— Task objective —
Extract, in full, the lines below, beginning at the first and ending with the line that contains "המונים התאספו היום". Pictures do not belong in the copy.

Data records:

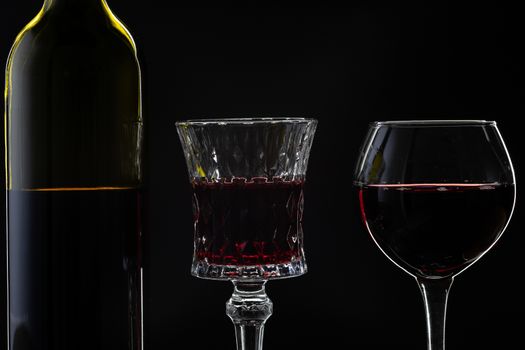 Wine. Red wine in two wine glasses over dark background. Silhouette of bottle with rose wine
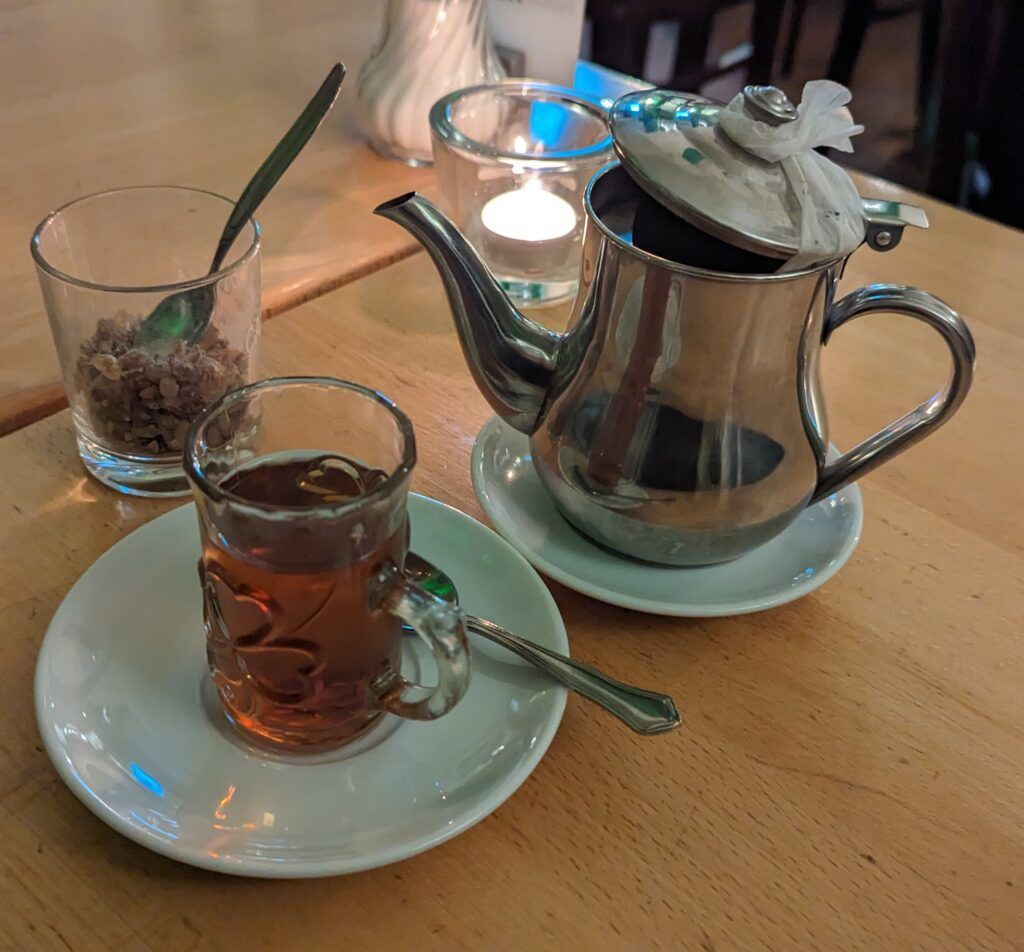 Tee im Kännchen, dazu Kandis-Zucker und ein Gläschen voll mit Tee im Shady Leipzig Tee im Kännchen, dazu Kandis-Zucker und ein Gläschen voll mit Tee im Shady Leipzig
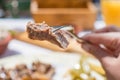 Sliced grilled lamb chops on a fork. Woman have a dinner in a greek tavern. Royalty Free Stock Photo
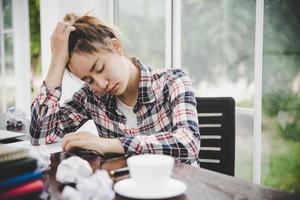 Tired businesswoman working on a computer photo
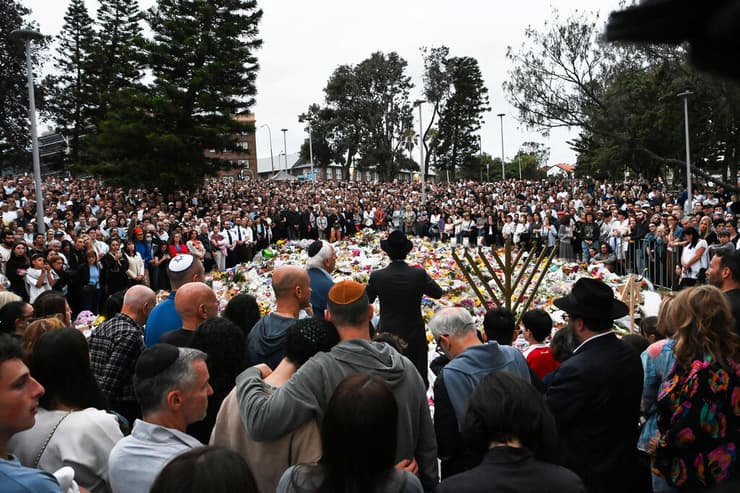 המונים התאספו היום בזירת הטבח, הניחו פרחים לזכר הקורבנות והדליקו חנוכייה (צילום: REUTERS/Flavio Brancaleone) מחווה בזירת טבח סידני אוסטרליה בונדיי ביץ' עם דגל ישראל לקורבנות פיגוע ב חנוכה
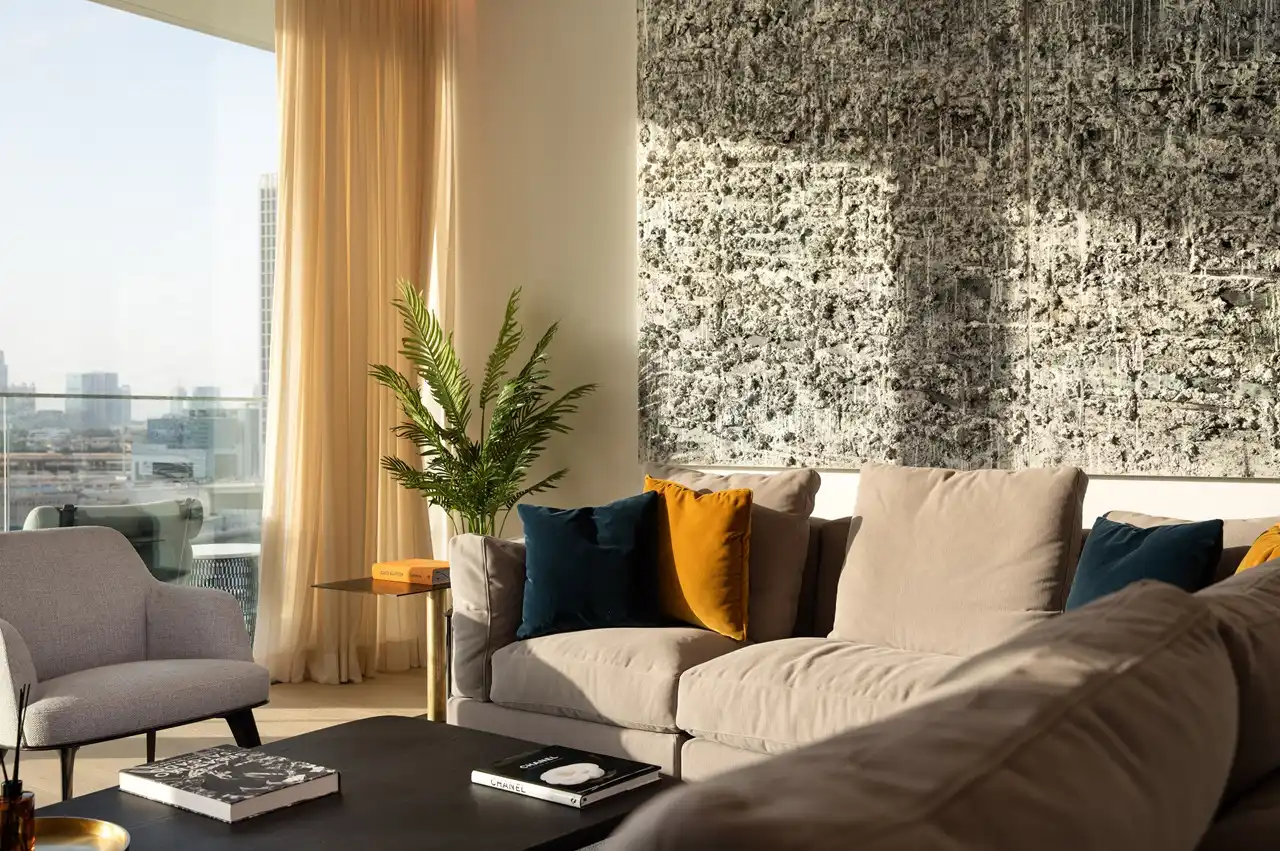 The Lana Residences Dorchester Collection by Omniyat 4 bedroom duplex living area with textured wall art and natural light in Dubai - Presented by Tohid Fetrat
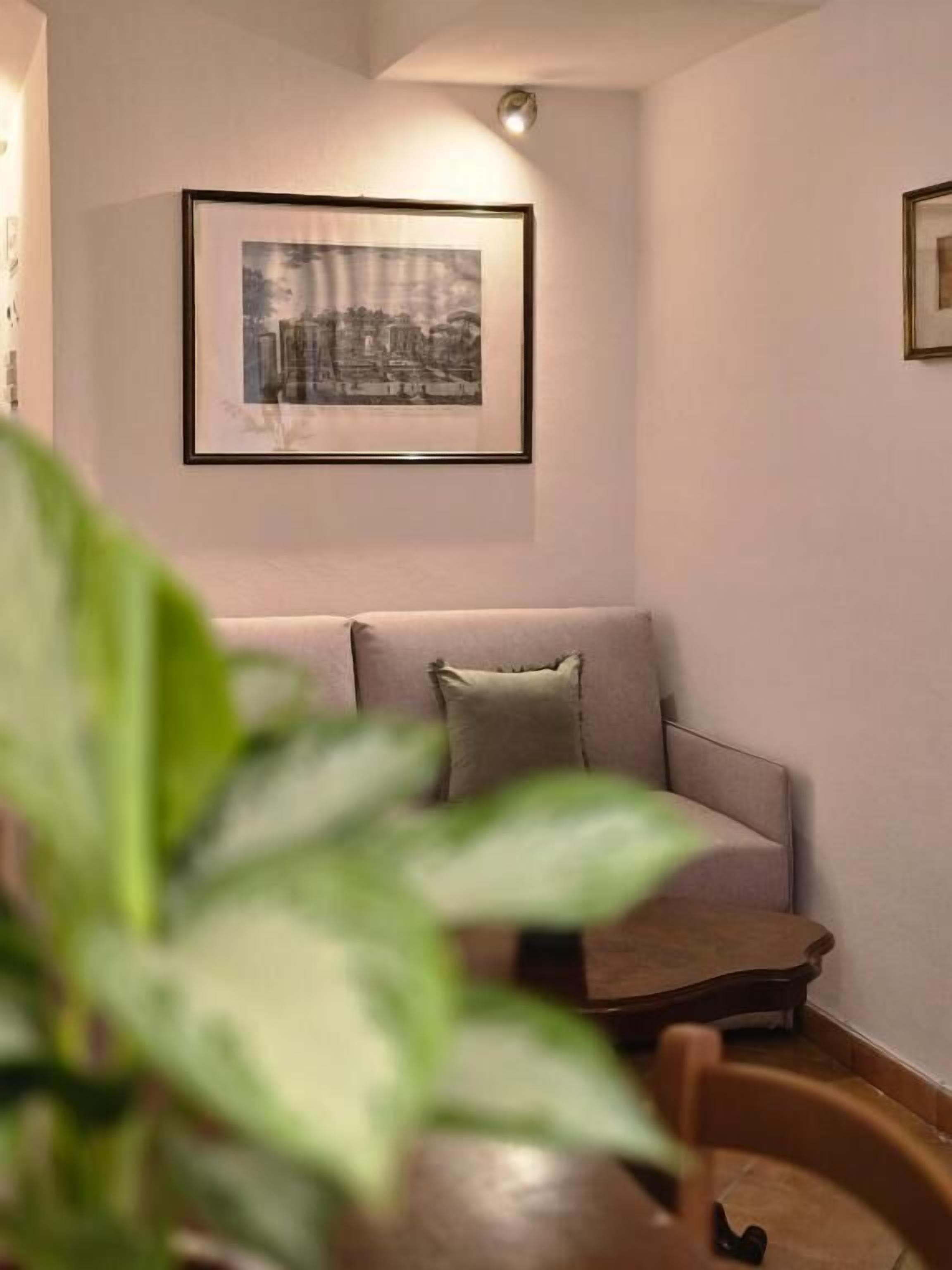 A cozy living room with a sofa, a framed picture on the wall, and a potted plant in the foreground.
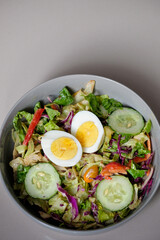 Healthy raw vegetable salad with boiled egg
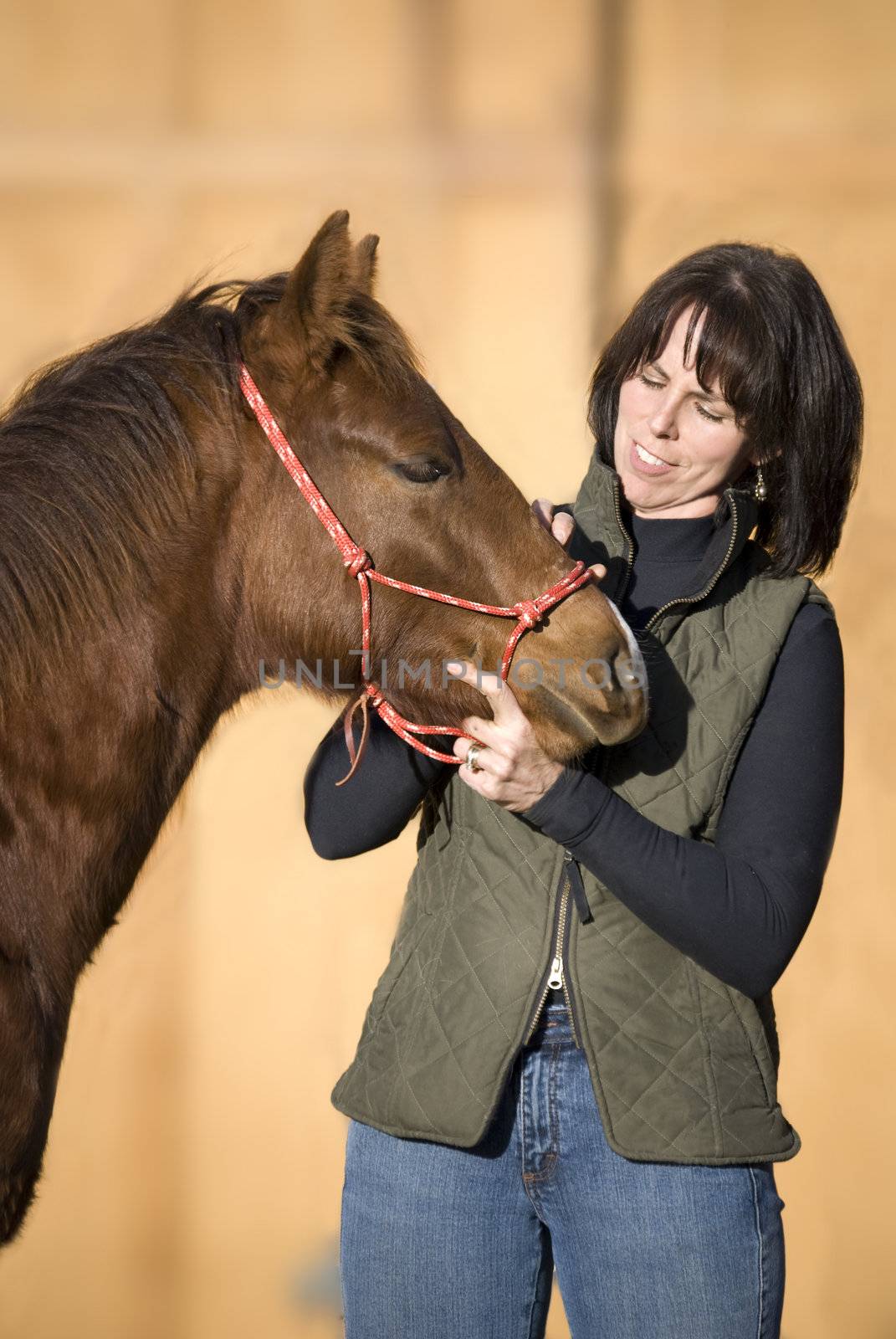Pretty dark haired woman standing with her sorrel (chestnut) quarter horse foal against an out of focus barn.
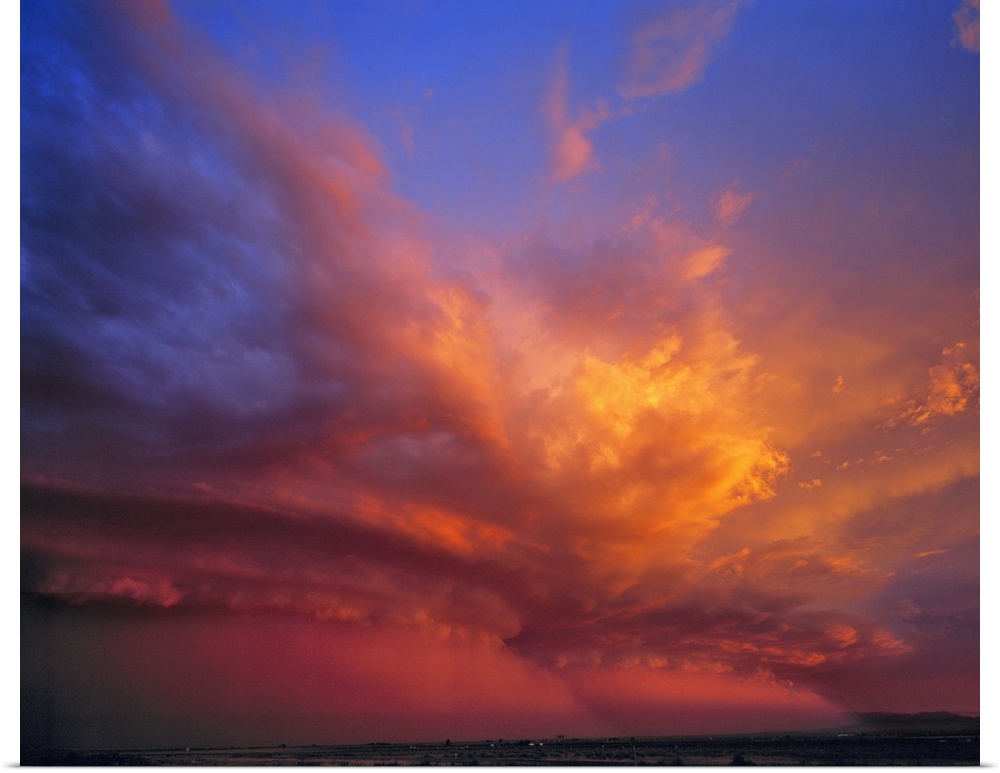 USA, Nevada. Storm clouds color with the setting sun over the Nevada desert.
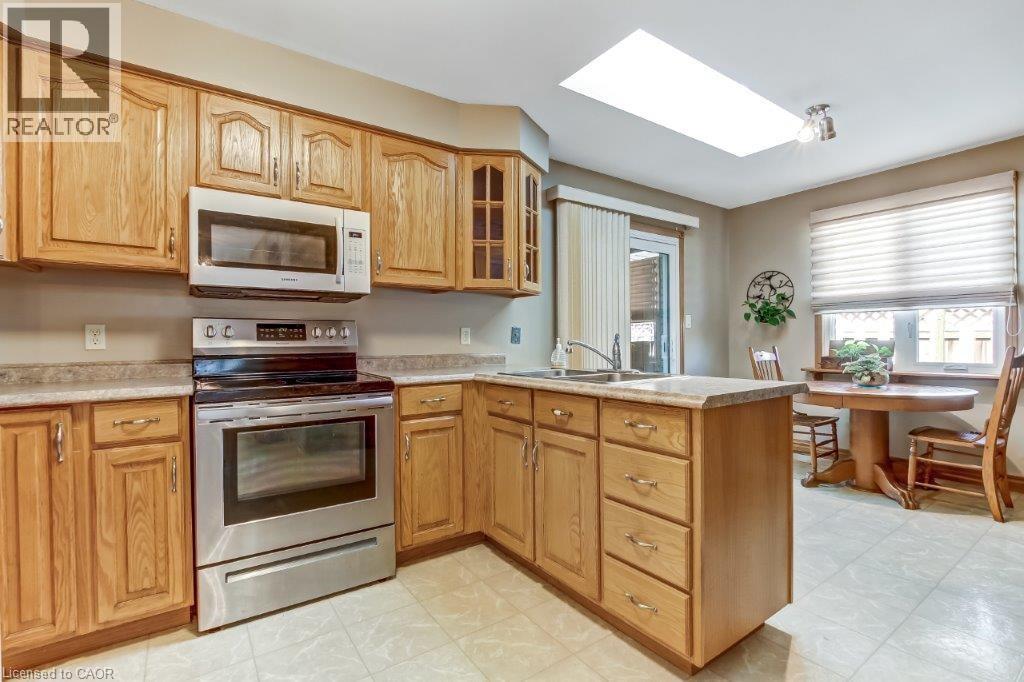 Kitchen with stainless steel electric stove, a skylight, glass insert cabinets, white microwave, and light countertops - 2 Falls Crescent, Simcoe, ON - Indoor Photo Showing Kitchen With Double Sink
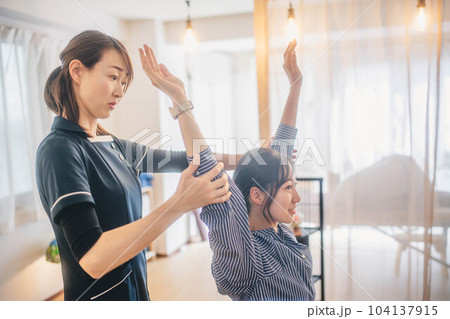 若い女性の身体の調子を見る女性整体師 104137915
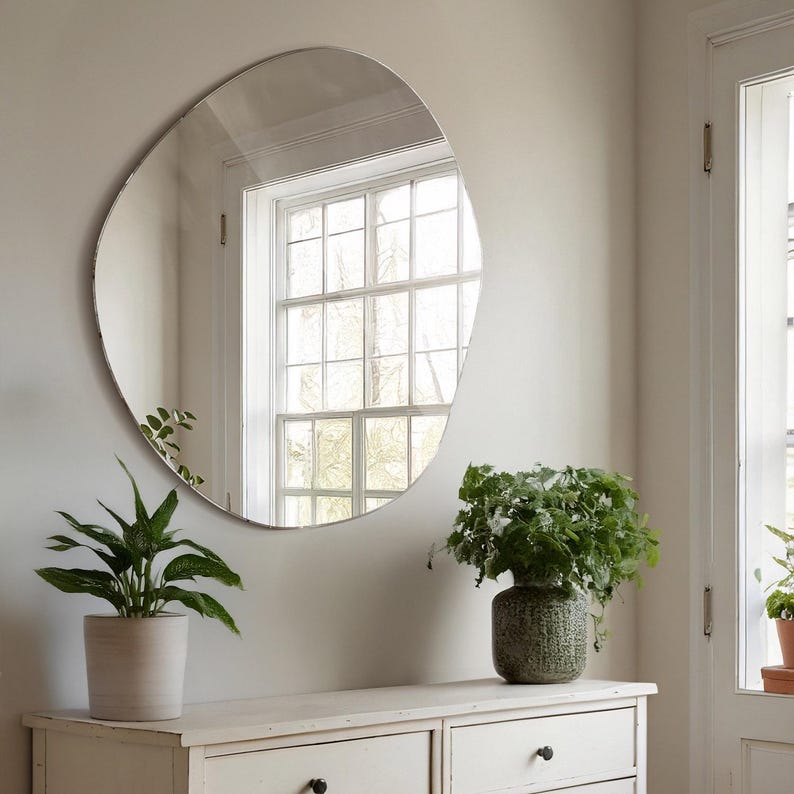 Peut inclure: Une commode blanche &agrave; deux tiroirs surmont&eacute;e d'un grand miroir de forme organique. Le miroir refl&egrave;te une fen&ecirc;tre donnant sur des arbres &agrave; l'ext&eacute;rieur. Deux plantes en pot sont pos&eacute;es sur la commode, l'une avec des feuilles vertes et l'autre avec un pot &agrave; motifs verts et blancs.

— Response box —
 Wine. Red wine in two wine glasses over dark background. Silhouette of bottle with rose wine
 Tee im Kännchen, dazu Kandis-Zucker und ein Gläschen voll mit Tee im Shady Leipzig Tee im Kännchen, dazu Kandis-Zucker und ein Gläschen voll mit Tee im Shady Leipzig
 Sliced grilled lamb chops on a fork. Woman have a dinner in a greek tavern. Royalty Free Stock Photo
 Tired businesswoman working on a computer photo
 המונים התאספו היום בזירת הטבח, הניחו פרחים לזכר הקורבנות והדליקו חנוכייה (צילום: REUTERS/Flavio Brancaleone) מחווה בזירת טבח סידני אוסטרליה בונדיי ביץ' עם דגל ישראל לקורבנות פיגוע ב חנוכה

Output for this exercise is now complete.